* **About this exercise**: Return the listing below unchanged, but without pictures.

* **Given information**:

[Start of section]

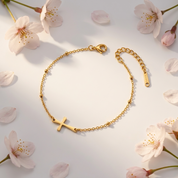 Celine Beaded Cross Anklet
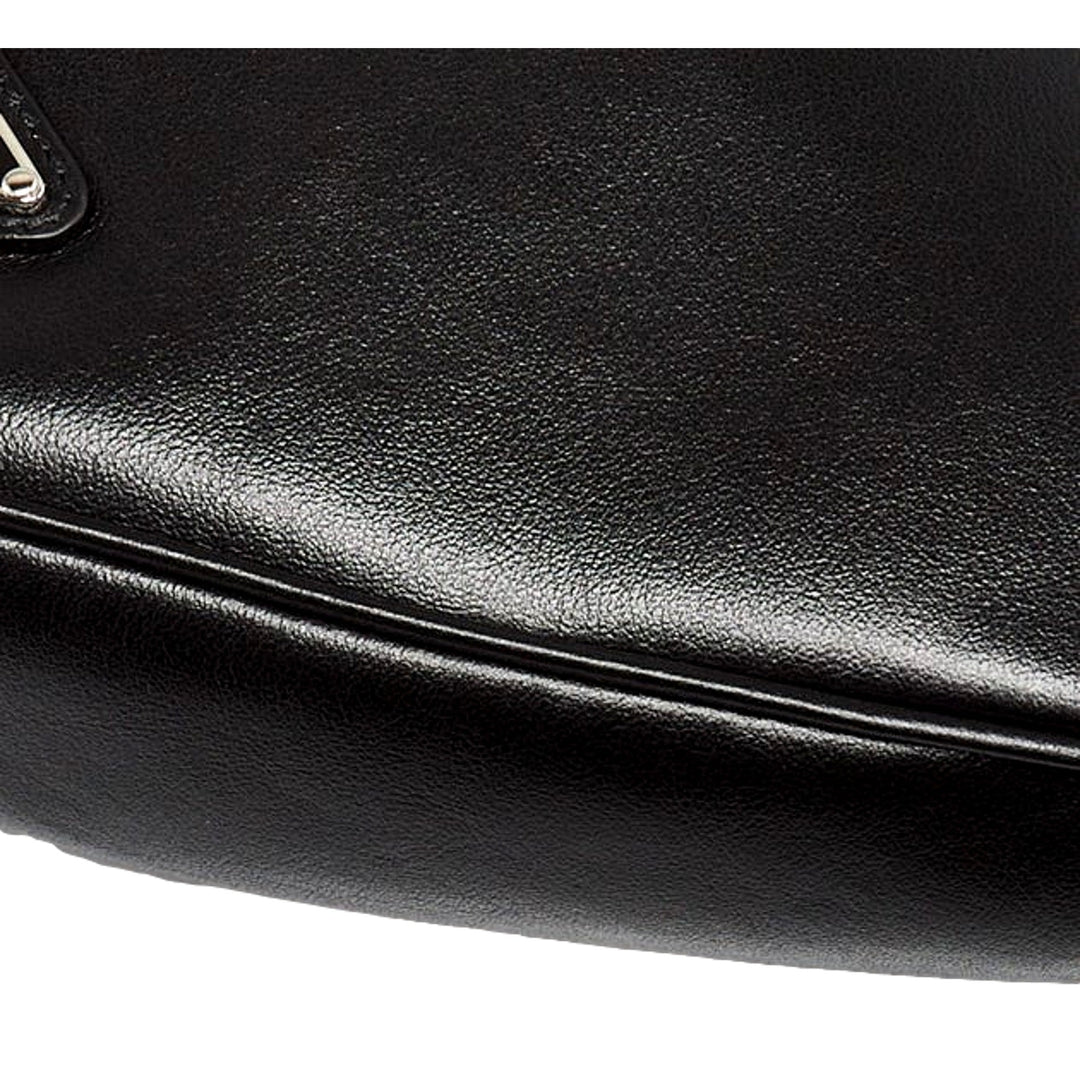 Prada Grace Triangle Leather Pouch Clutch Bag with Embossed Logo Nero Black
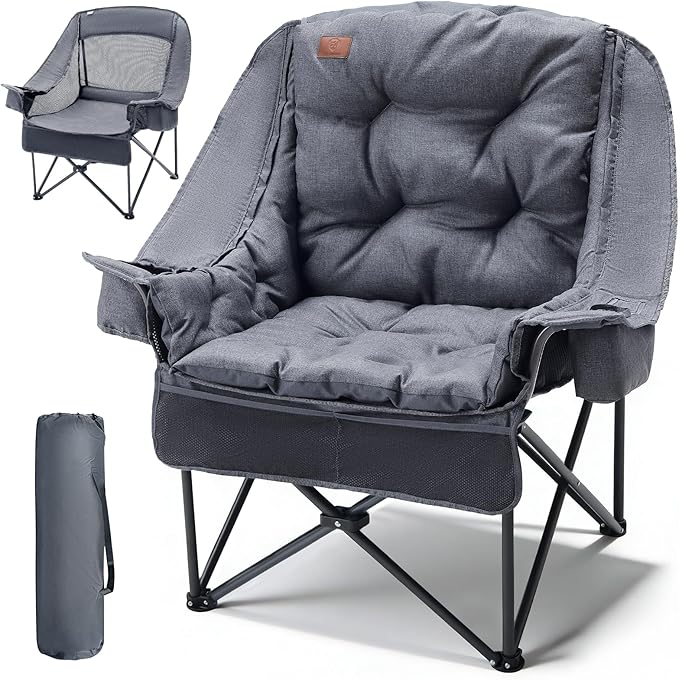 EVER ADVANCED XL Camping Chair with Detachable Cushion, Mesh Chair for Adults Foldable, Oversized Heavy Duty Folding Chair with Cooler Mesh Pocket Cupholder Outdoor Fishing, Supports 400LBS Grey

[End of section]

* **Expected output**:
 Celine Beaded Cross Anklet
 Prada Grace Triangle Leather Pouch Clutch Bag with Embossed Logo Nero Black
 EVER ADVANCED XL Camping Chair with Detachable Cushion, Mesh Chair for Adults Foldable, Oversized Heavy Duty Folding Chair with Cooler Mesh Pocket Cupholder Outdoor Fishing, Supports 400LBS Grey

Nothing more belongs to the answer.